• PROBLEM DETAILS
Below are entries; copy exactly, and only, the lines from the one containing "sparkling champagne wine" through their final line, leaving out pictures.
______
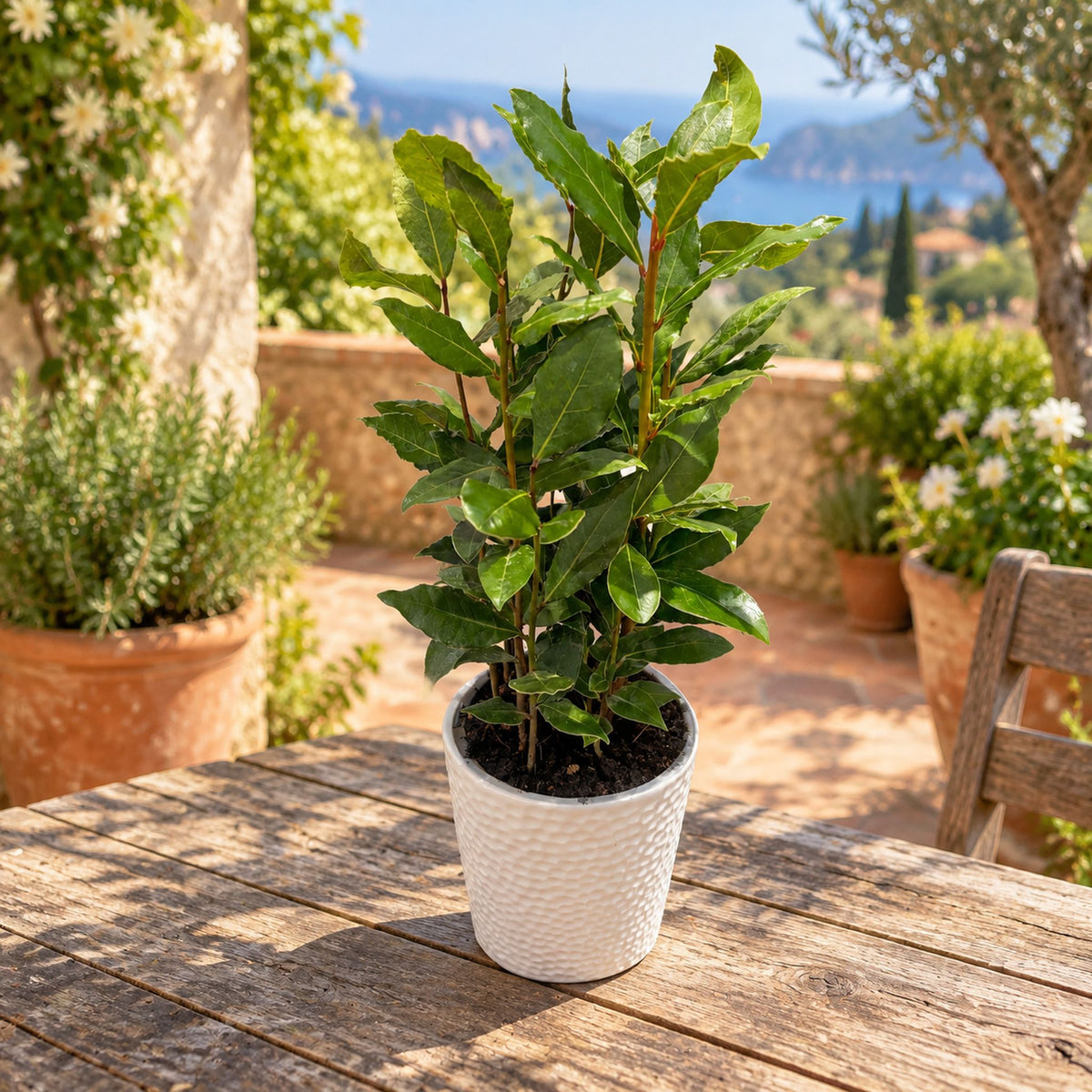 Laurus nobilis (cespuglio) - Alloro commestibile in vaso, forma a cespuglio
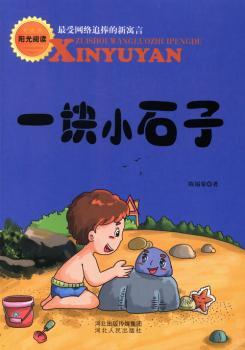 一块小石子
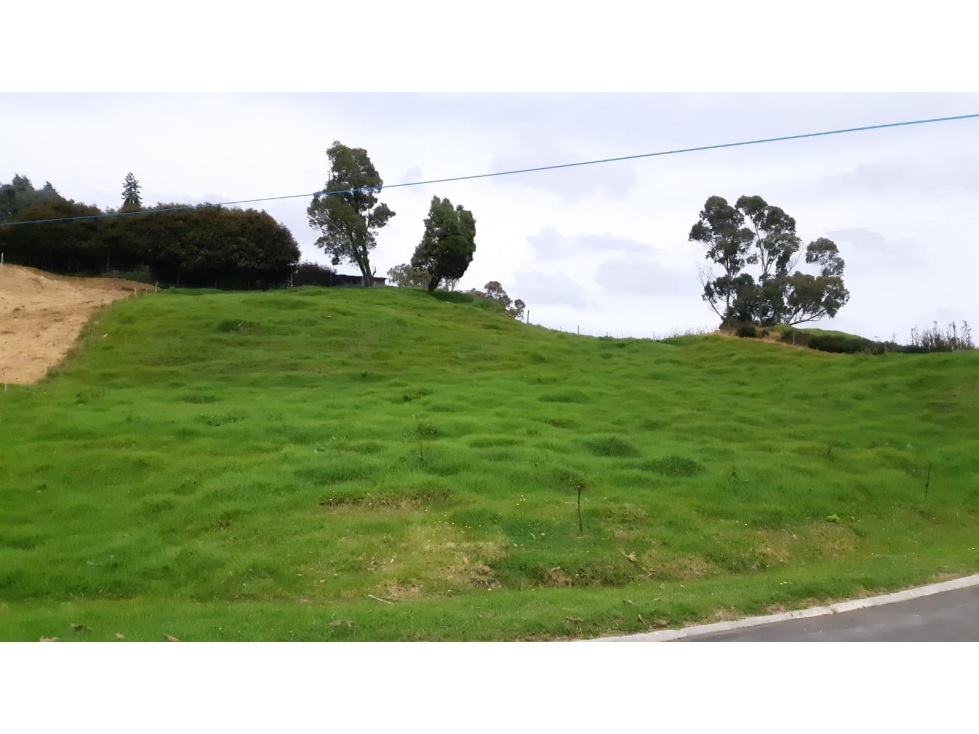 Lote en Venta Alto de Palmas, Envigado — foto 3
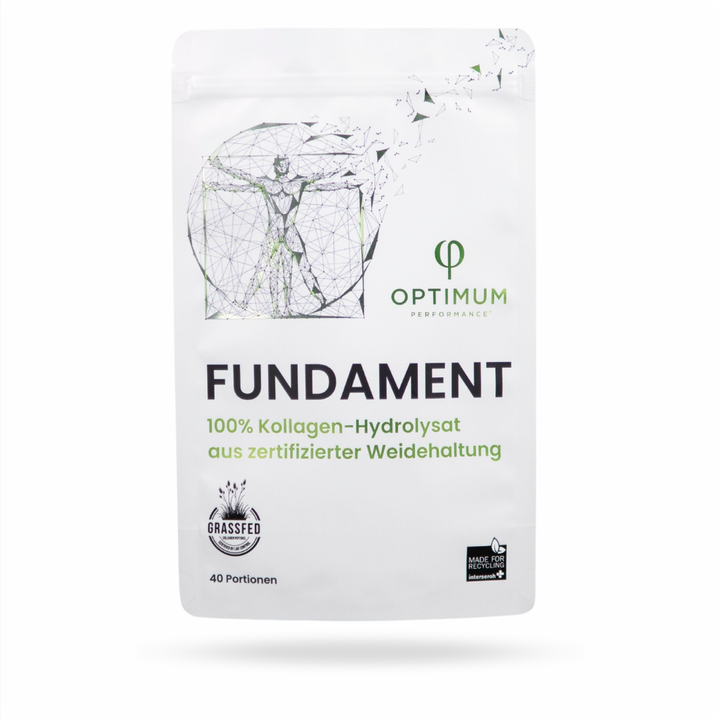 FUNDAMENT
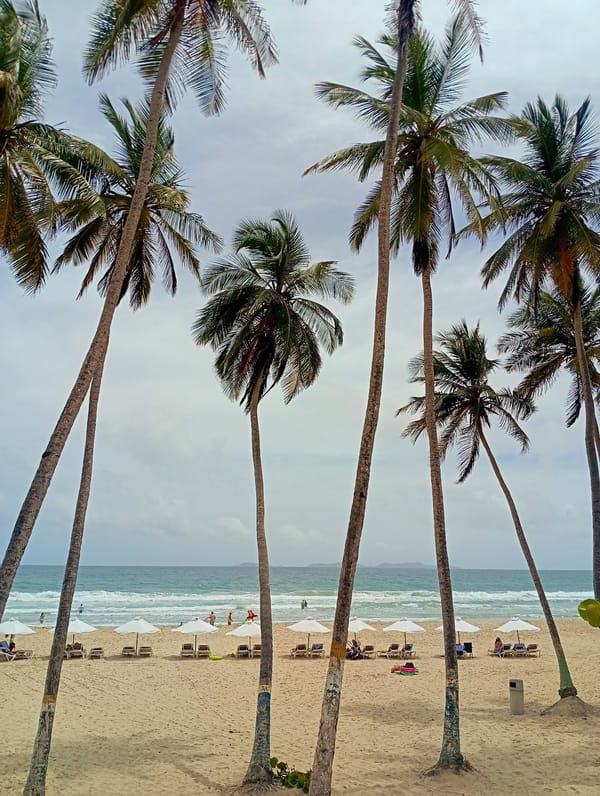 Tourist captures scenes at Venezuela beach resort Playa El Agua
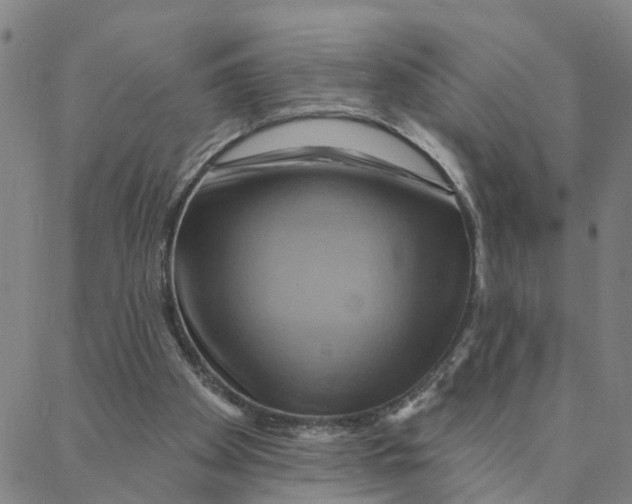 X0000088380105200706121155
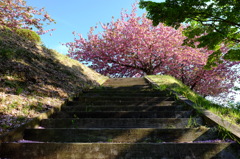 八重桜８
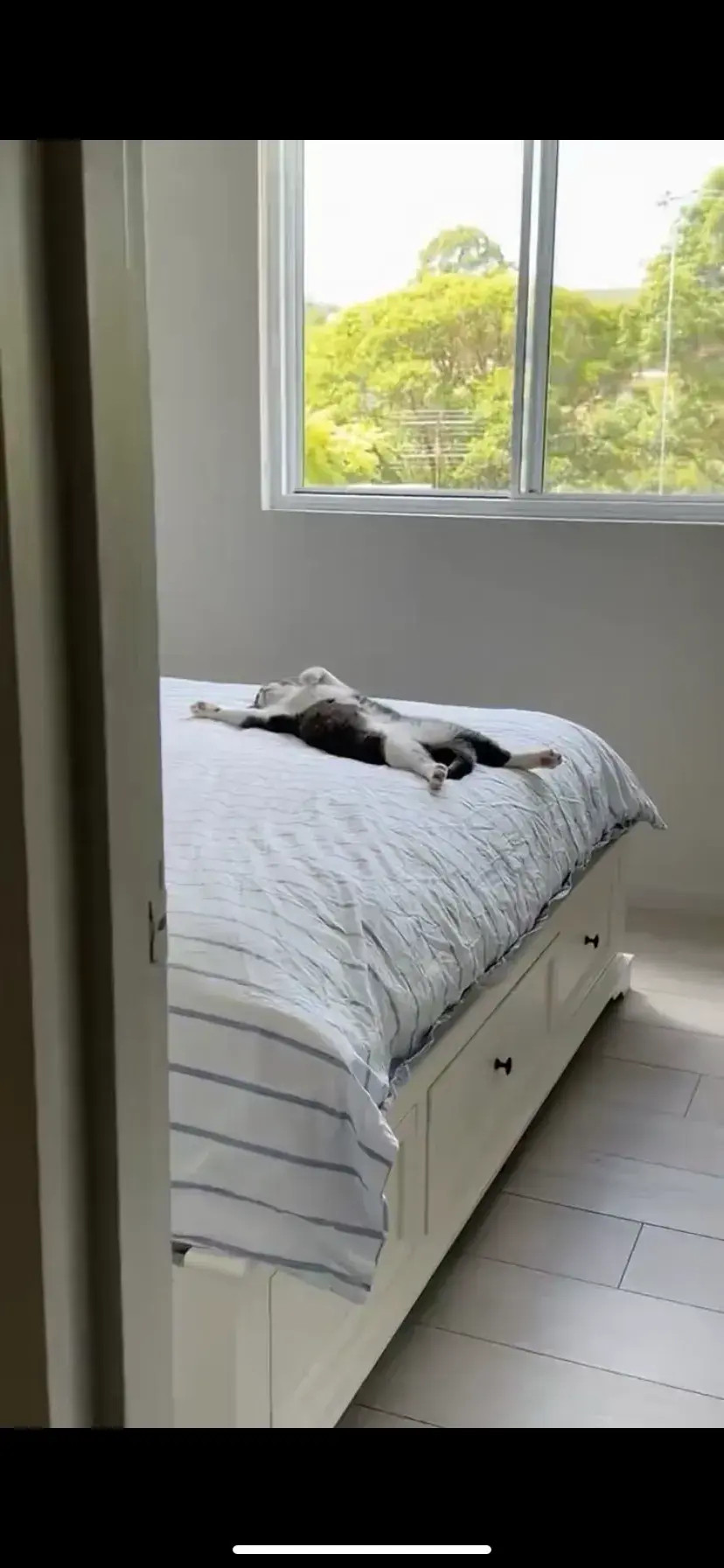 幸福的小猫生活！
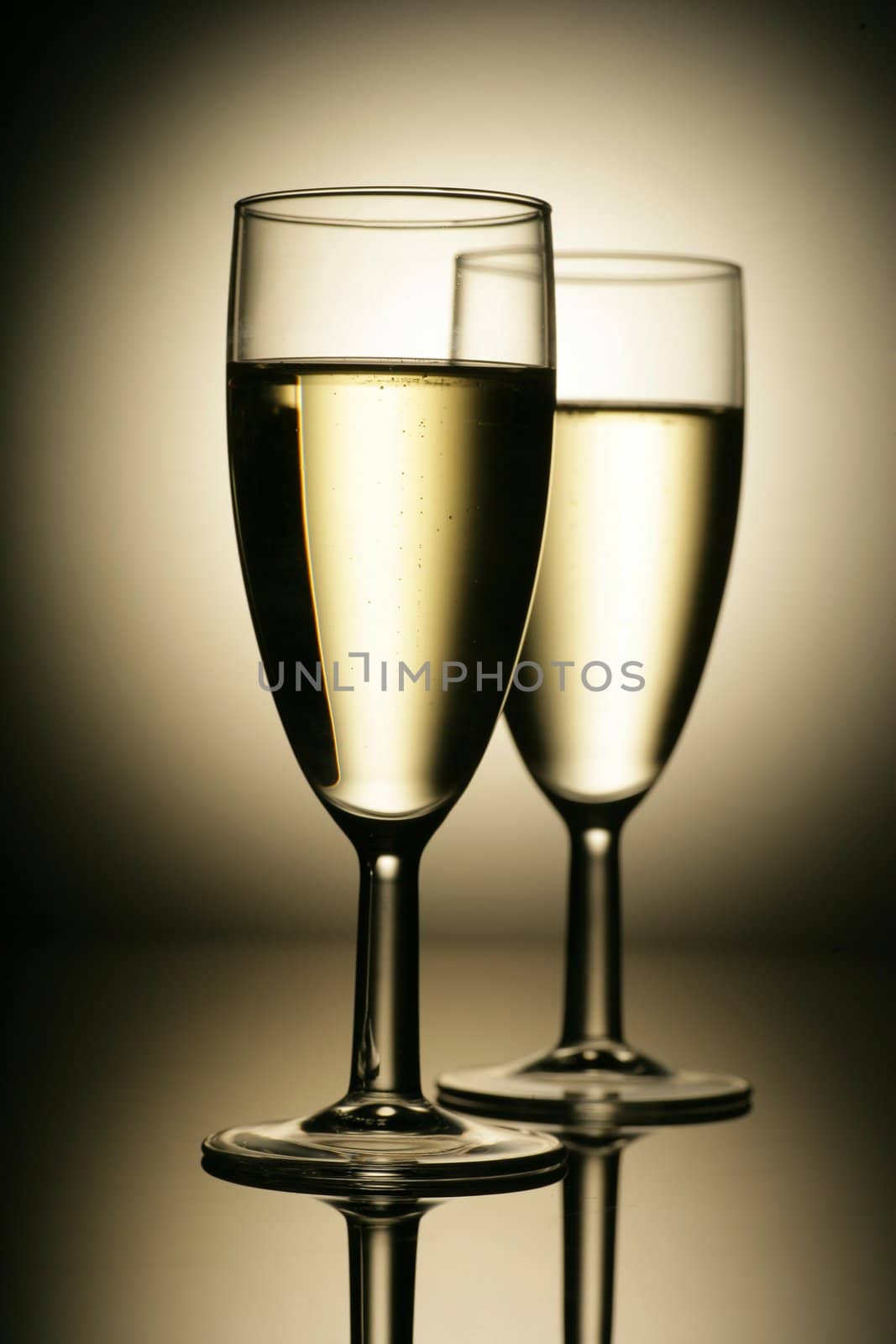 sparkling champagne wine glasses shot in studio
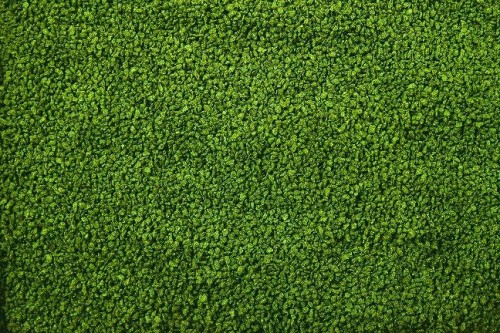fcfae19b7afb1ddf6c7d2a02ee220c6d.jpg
______
• ANSWER TO THIS EXERCISE
 sparkling champagne wine glasses shot in studio
fcfae19b7afb1ddf6c7d2a02ee220c6d.jpg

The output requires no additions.